How to Convert VARCHAR Clustered Primary Key to Region's Start_Key

translator_bot · June 22, 2024, 10:55pm

Note:
This topic has been translated from a Chinese forum by GPT and might contain errors.

Original topic: varchar类型聚簇主键与region的start_key怎么换算

| username: BossChao

[TiDB Usage Environment] POC

[Encountered Issues: Problem Phenomenon and Impact]
The primary keys in the existing system are all UUIDs. It was found that the largest letter is ‘f’ and the smallest number is ‘0’. I performed a split region on the table using the minimum value 000…000 and the maximum value fff…fff, but found that it did not match the region’s start_key.

[Resource Configuration]

[Attachments: Screenshots/Logs/Monitoring]

translator_bot · June 22, 2024, 10:55pm

| username: tidb狂热爱好者 | Original post link

There is also a hidden table ID and its corresponding one.

translator_bot · June 22, 2024, 10:55pm

| username: BossChao | Original post link

Clustered primary key tables do not have _tidb_rowid. The hidden primary key column is of type bigint and is consistent with the key of the region.

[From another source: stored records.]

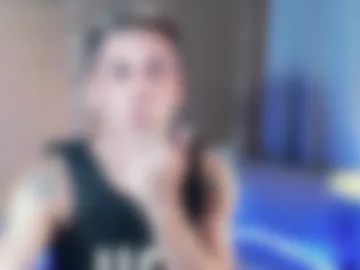 horny_johnxxx live webcam preview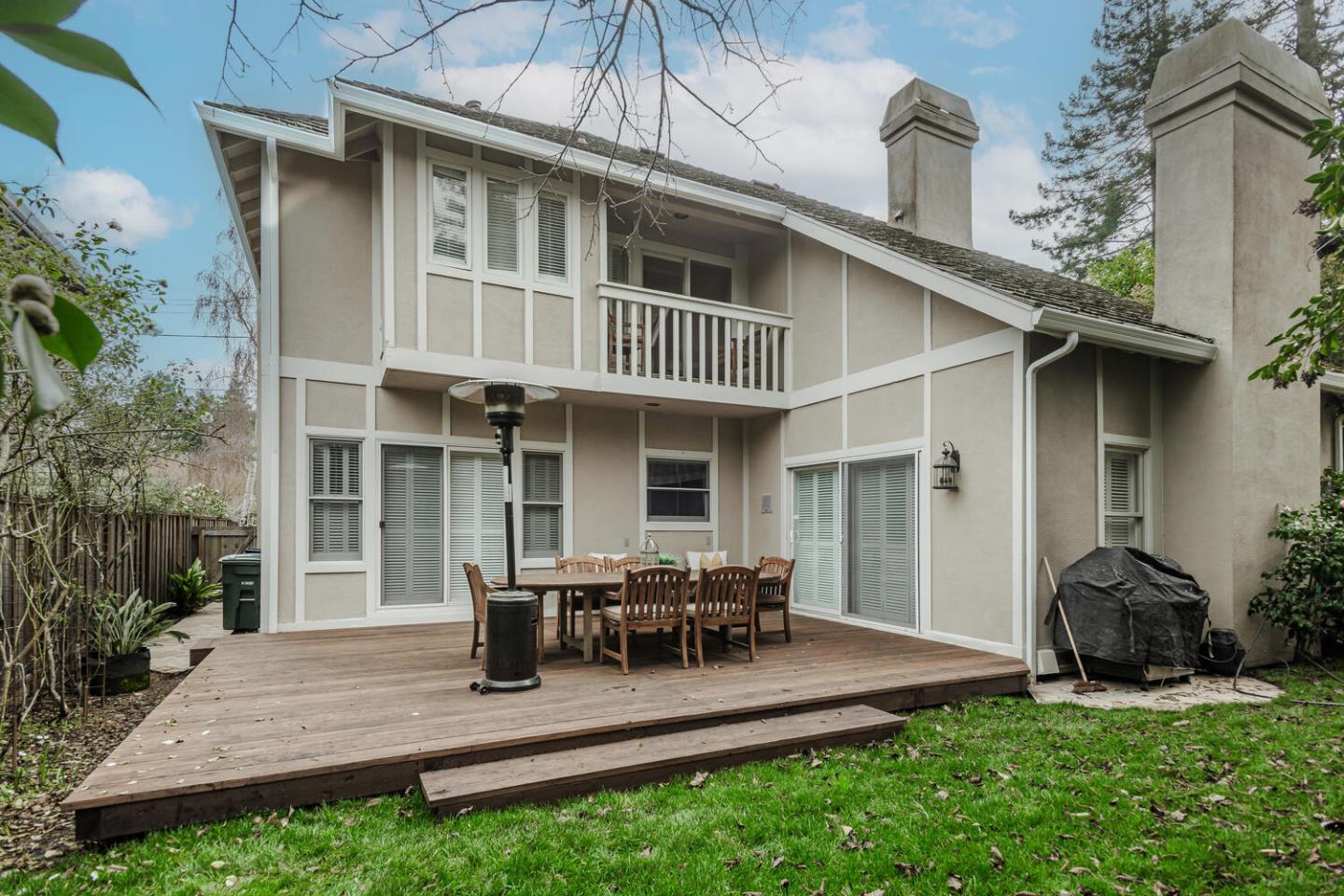 Detail Gallery Image 24 of 25 For 74 Crystal Springs Rd, San Mateo,  CA 94402 - 5 Beds | 3 Baths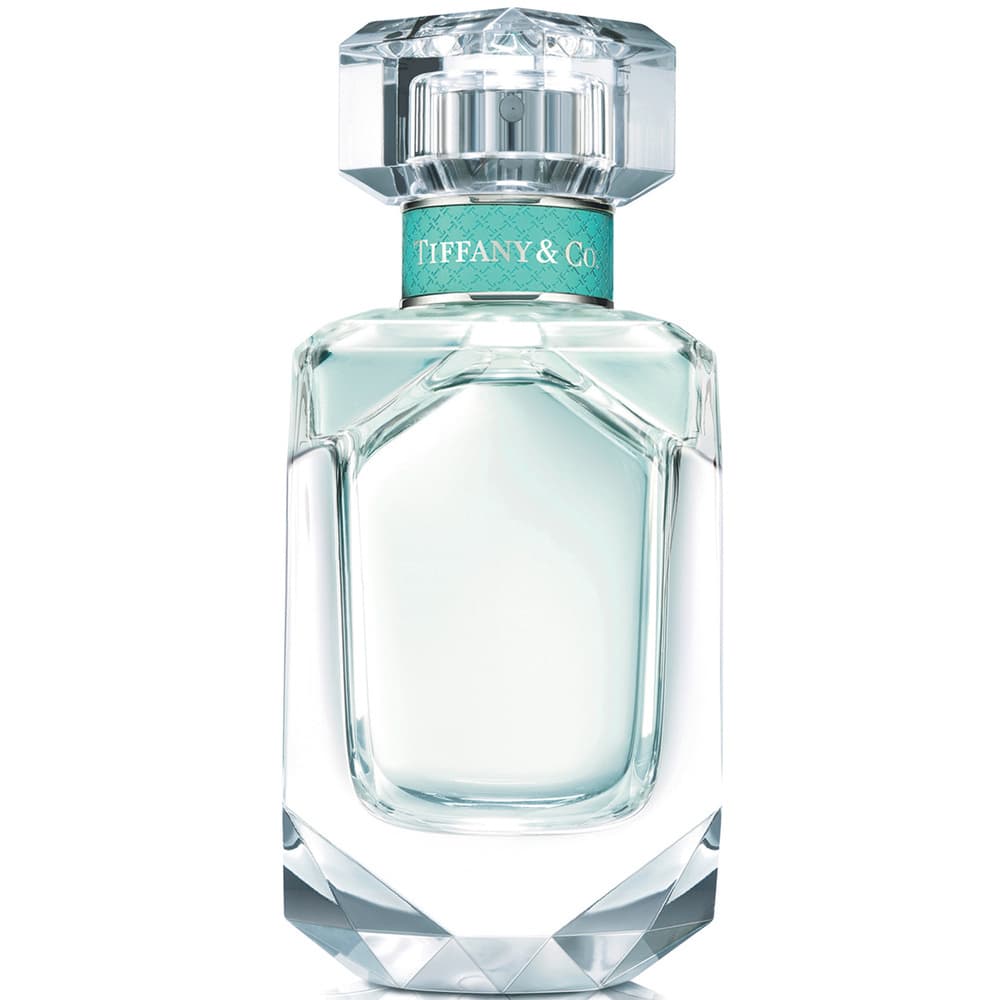 Tiffany Tiffany & Co woda perfumowana spray (W)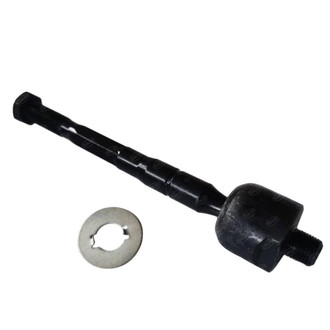 SKP® - Inner Steering Tie Rod End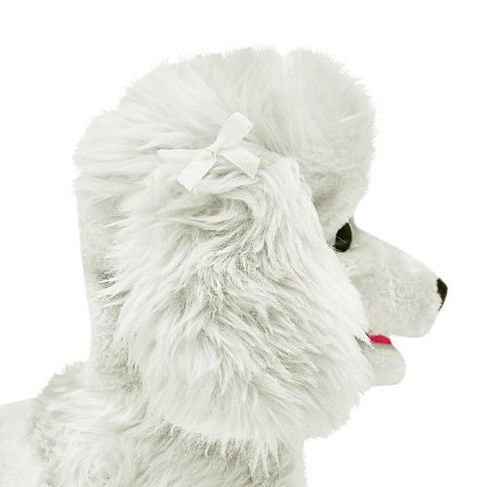 Piesek interaktywny P6495 na Arena.pl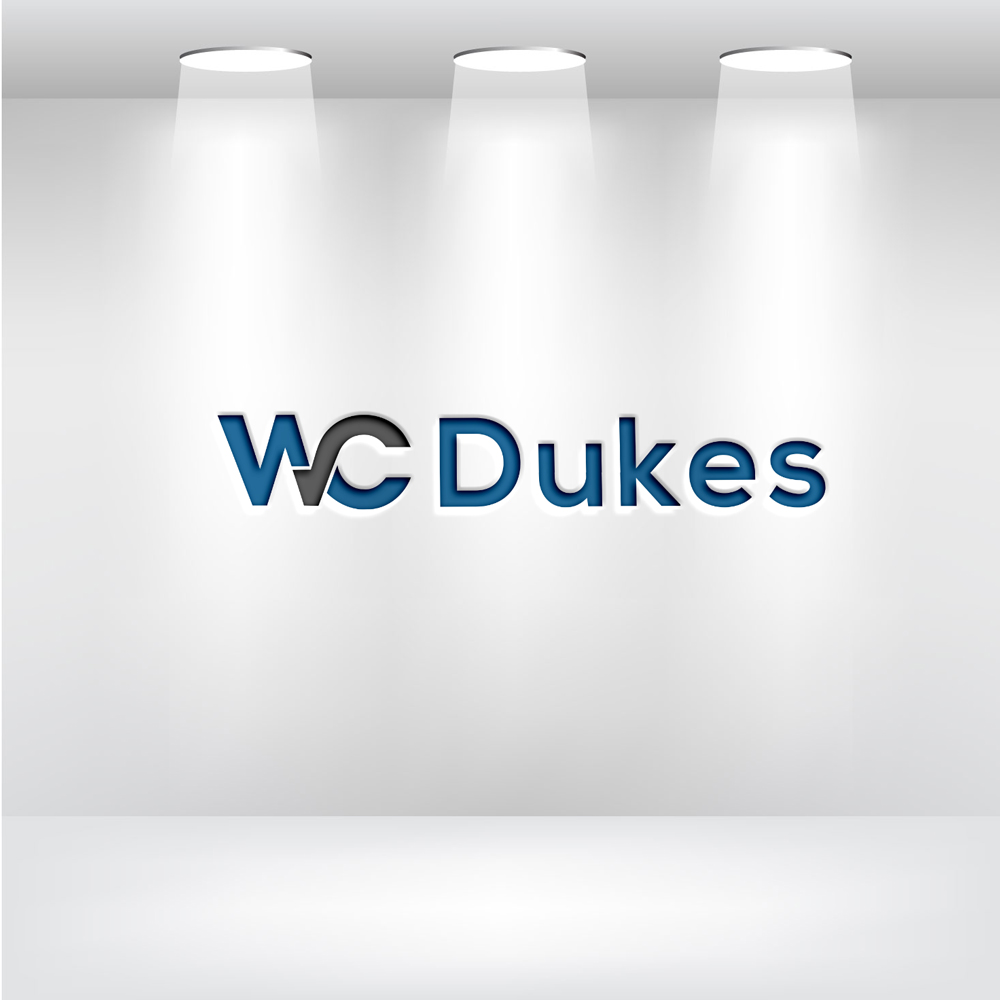 Logo Design by Asib Design for this project | Design #29657350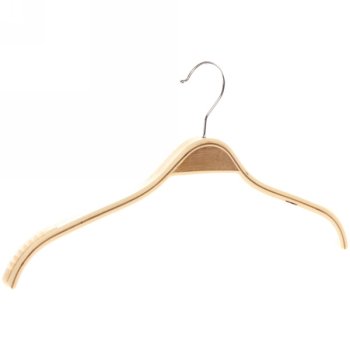 Плечики 42см, 1шт Плечики 42см, 1шт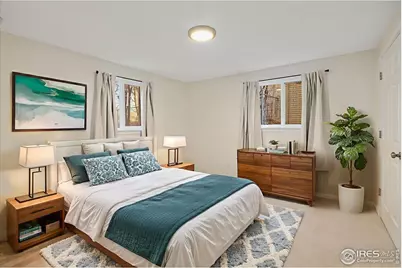 1618 Kimbark St, Longmont, CO 80501 - Photo 24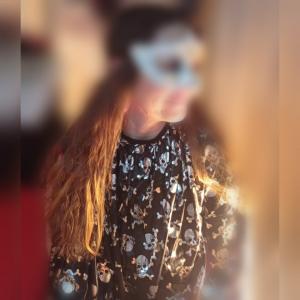 602326645: Chica busca chico en Málaga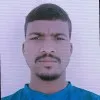 K Venkatesh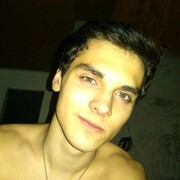  ,   , 30 ,   c 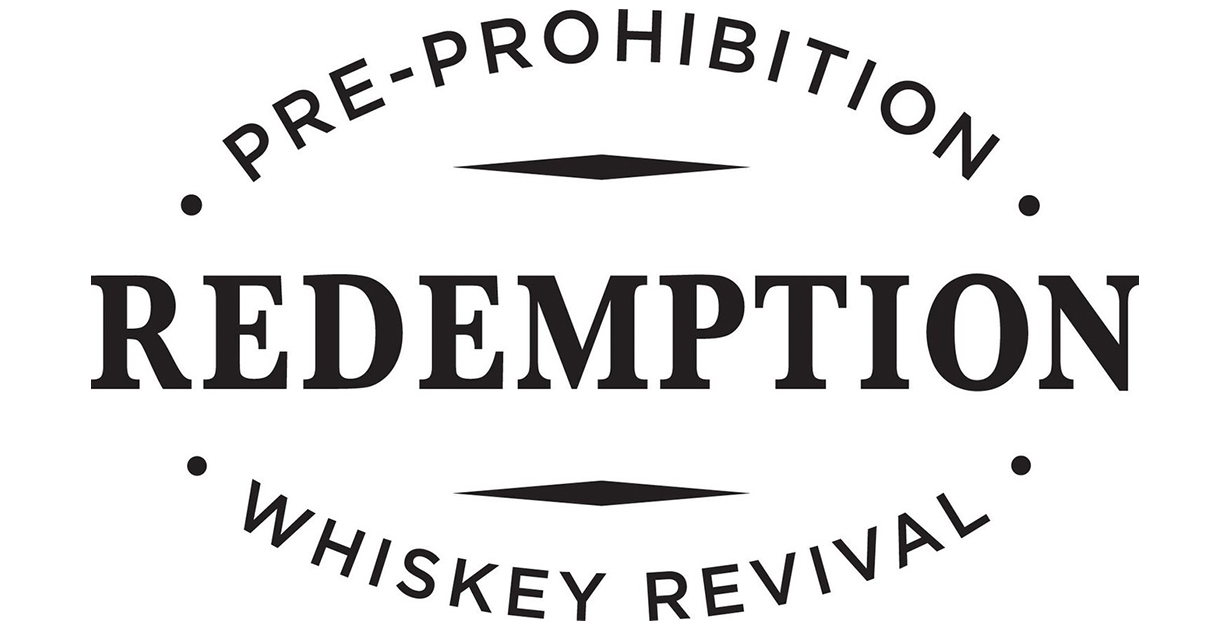 We spoke to Redemption Whiskey's Northeast Regional Spirits Ambassador, Clare Gordon, on National Cocktail Day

translator_bot · June 22, 2024, 10:55pm

| username: tidb狂热爱好者 | Original post link

This is a varchar.

translator_bot · June 22, 2024, 10:55pm

| username: 胡杨树旁 | Original post link

Clustered index table, with the primary key as part of the key value, the primary key will be arranged in descending order, right? It seems that you can extract the UUID and arrange it in ascending order to see if it matches the region’s start_key.

translator_bot · June 22, 2024, 10:55pm

| username: 裤衩儿飞上天 | Original post link

The primary key field id is varchar.

translator_bot · June 22, 2024, 10:55pm

| username: 我是咖啡哥 | Original post link

Reference documentation:

Uniform Splitting

Since row_id is an integer, the keys to be split can be deduced based on the specified lower_value, upper_value, and region_num. TiDB first calculates the step (step = (upper_value - lower_value)/region_num), then splits the key at each step interval between lower_value and upper_value, ultimately creating region_num Regions.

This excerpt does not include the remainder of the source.